• What to work on:
The lines from the one holding "Kombinuotas gaisro detektorius SD119-4H Kombinuotas" to the end of the records below, exactly as written, are the only thing to return.

Brief descriptive captions:
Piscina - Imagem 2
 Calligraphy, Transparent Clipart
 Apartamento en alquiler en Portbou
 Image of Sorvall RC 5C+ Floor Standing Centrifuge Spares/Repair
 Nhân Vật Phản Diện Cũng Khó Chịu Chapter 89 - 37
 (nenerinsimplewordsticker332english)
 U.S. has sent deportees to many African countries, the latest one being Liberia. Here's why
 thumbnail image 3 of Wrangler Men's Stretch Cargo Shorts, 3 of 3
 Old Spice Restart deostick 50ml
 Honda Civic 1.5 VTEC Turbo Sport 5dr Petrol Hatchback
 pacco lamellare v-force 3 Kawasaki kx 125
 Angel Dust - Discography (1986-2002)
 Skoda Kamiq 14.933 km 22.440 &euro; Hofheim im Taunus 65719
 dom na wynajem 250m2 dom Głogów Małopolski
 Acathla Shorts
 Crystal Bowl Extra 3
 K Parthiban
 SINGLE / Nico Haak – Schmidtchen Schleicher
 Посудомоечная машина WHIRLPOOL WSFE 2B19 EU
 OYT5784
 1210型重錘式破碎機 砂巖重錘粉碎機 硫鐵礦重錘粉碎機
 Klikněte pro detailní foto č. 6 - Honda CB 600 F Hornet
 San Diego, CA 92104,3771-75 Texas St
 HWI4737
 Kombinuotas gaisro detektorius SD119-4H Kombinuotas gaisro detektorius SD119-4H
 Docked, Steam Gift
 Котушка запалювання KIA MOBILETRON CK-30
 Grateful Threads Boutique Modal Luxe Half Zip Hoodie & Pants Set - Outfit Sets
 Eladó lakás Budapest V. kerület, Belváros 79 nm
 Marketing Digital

• Completed exercise:
 Kombinuotas gaisro detektorius SD119-4H Kombinuotas gaisro detektorius SD119-4H
 Docked, Steam Gift
 Котушка запалювання KIA MOBILETRON CK-30
 Grateful Threads Boutique Modal Luxe Half Zip Hoodie & Pants Set - Outfit Sets
 Eladó lakás Budapest V. kerület, Belváros 79 nm
 Marketing Digital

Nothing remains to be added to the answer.